The inductive biases needed for surface normal estimation are discussed and a proposal to utilize the per-pixel ray direction and code the relationship between neighboring surface normals by learning their relative rotation is proposed.

Abstract

Despite the growing demand for accurate surface normal estimation models, existing methods use general-purpose dense prediction models, adopting the same inductive biases as other tasks. In this paper, we discuss the inductive biases needed for surface normal estimation and propose to (1) utilize the per-pixel ray direction and (2) encode the relationship between neighboring surface normals by learning their relative rotation. The proposed method can generate crisp - yet, piecewise smooth - predictions for challenging in-the-wild images of arbitrary resolution and aspect ratio. Compared to a recent ViT-based state-of-the-art model, our method shows a stronger generalization ability, despite being trained on an orders of magnitude smaller dataset. The code is available at https://github.com/baegwangbin/DSINE.

Figures (8)

• Figure 1: Examples of challenging in-the-wild images and their surface normals predicted by our method.
• Figure 2: Motivation.
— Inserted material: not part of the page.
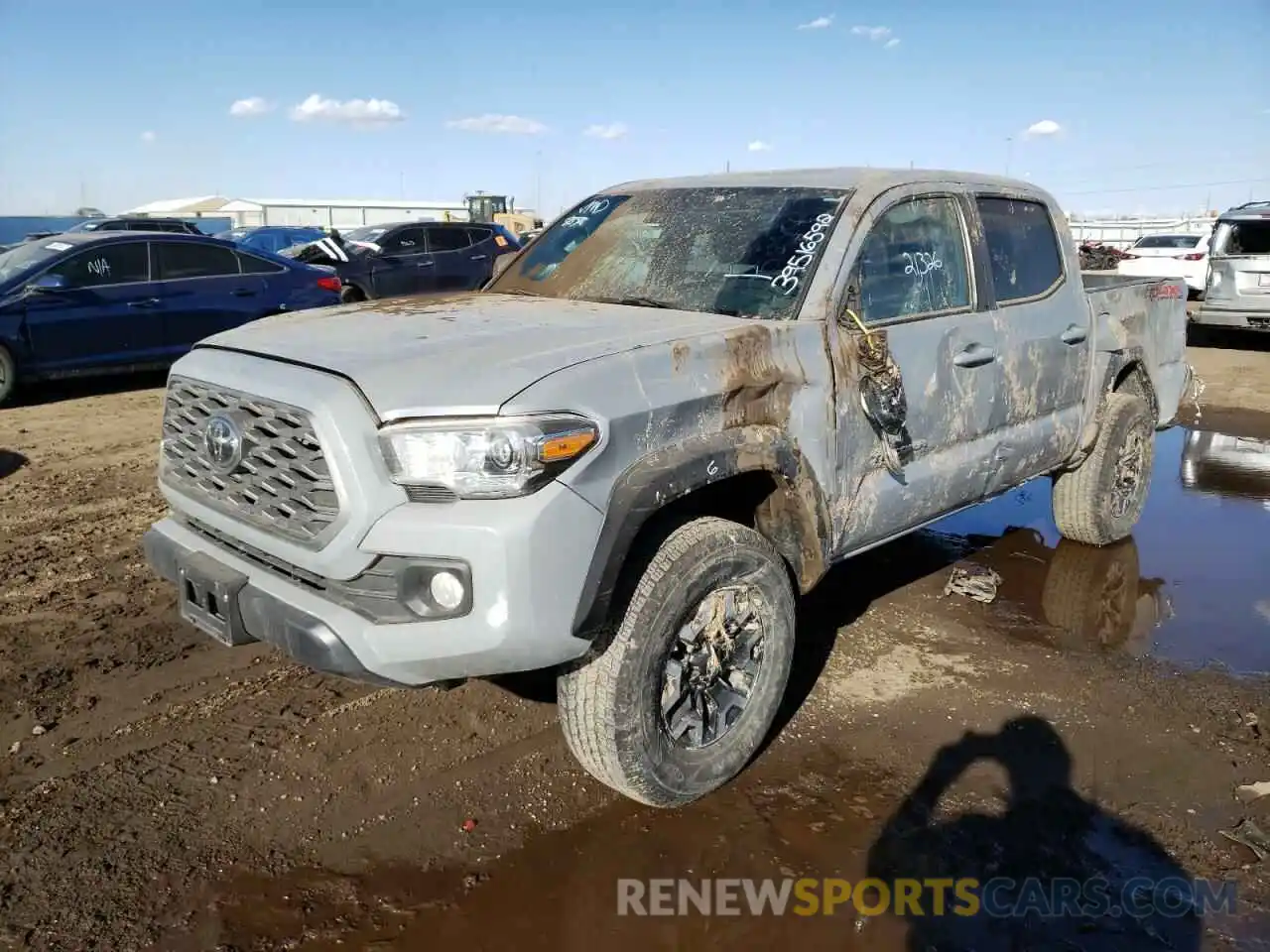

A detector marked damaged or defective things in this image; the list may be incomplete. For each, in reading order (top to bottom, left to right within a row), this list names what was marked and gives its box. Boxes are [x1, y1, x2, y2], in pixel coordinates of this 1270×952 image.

damaged toyota tacoma [147, 170, 1191, 801]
In this paper, we propose to utilize the per-pixel ray direction and estimate the surface normals by learning the relative rotation between nearby pixels. (a) Ray direction serves as a useful cue for pixels near occluding boundaries as the normal should be perpendicular to the ray. (b) It also gives us the range of normals that would be visible, effectively halving the output space. (c) The surface normals of certain scene elements --- in this case, the floor --- may be difficult to estimate due to the lack of visual cues. Nonetheless, we can infer their normals by learning the pairwise relationship between nearby normals (e.g. which surfaces should be perpendicular). (d) Modeling the relative change in surface normals is not just useful for flat surfaces. In this example, the relative angle between the normals of the yellow pixels can be inferred from that of the red pixels assuming circular symmetry.
• Figure 3: Encoding camera intrinsics.(left) To avoid having to learn camera intrinsics-aware prediction, one can zero-pad or crop the images such that they always have the same intrinsics. (right) Instead, we compute the focal length-normalized image coordinates and provide them as additional input to the network.
• Figure 4: Ray ReLU activation. An important constraint for surface normal estimation is that the predicted normal should be visible. We achieve this by zeroing out the component that is in the direction of the ray.
• Figure 5: Network architecture. A lightweight CNN extracts a low-resolution feature map, from which the initial normal, hidden state and context feature are obtained. The hidden state is then recurrently updated using a ConvGRU GRU unit. From the updated hidden state, we estimate three quantities: rotation angle and axis to define a pairwise rotation matrix for each neighboring pixel; and a set of weights that will be used to fuse the rotated normals.